Problem to solve: In the entries below, begin at the line that has "Stolik ogrodowy ART", stop after the line that has "BMW 5 серии", and output those lines exactly with no pictures.

Exercise material:
____

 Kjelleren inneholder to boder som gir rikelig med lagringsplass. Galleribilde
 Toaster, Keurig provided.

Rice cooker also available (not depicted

____

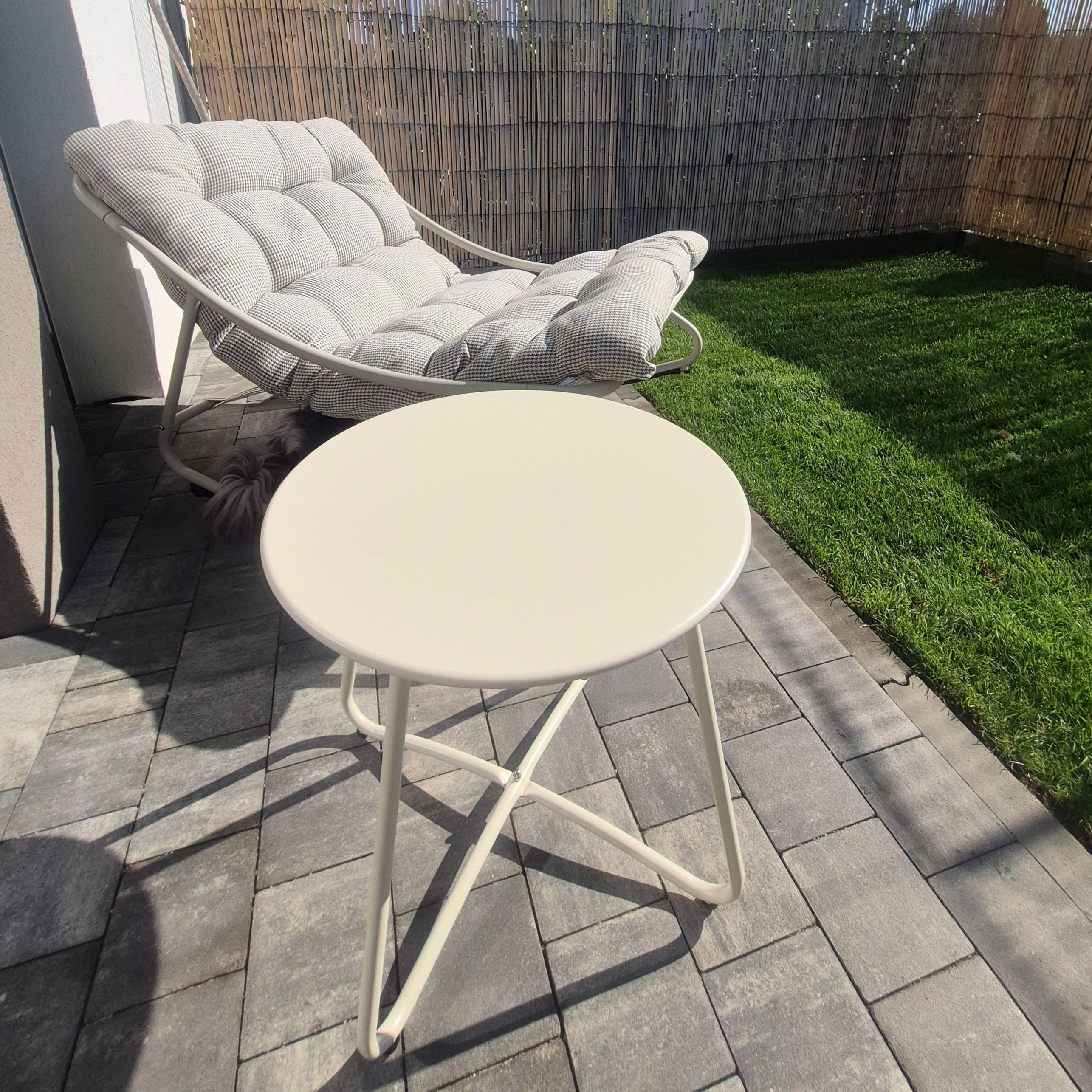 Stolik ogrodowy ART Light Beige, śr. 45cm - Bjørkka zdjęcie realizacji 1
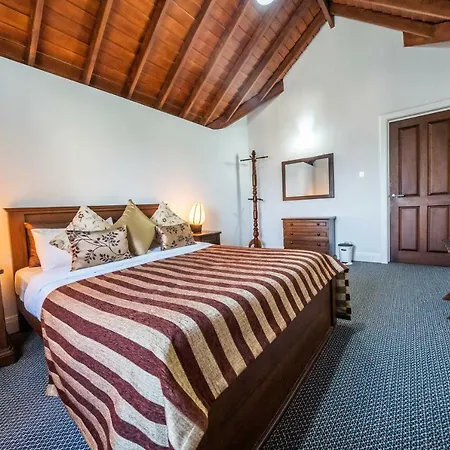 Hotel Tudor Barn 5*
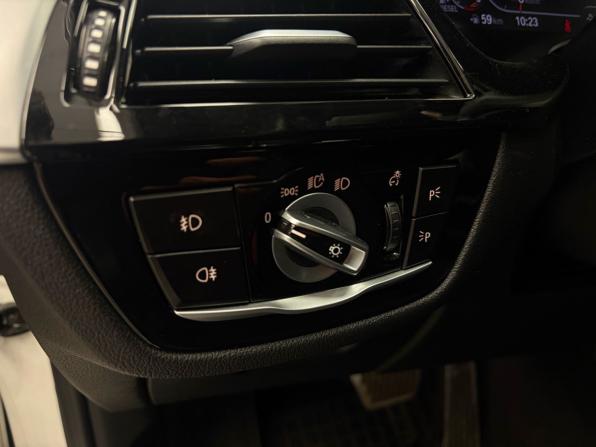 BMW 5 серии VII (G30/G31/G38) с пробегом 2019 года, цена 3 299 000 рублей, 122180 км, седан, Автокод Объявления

____

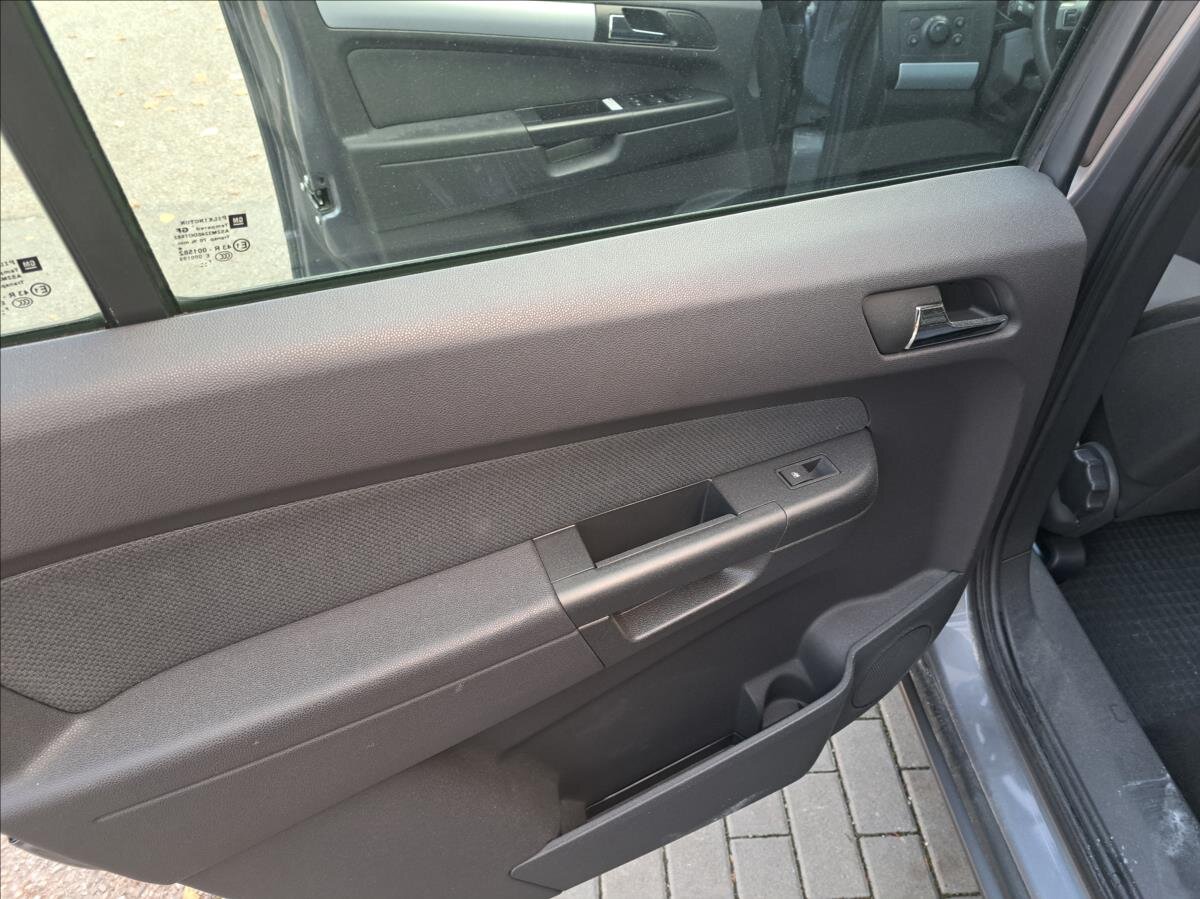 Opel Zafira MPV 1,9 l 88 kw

____

Answer box:
 Stolik ogrodowy ART Light Beige, śr. 45cm - Bjørkka zdjęcie realizacji 1
 Hotel Tudor Barn 5*
 BMW 5 серии VII (G30/G31/G38) с пробегом 2019 года, цена 3 299 000 рублей, 122180 км, седан, Автокод Объявления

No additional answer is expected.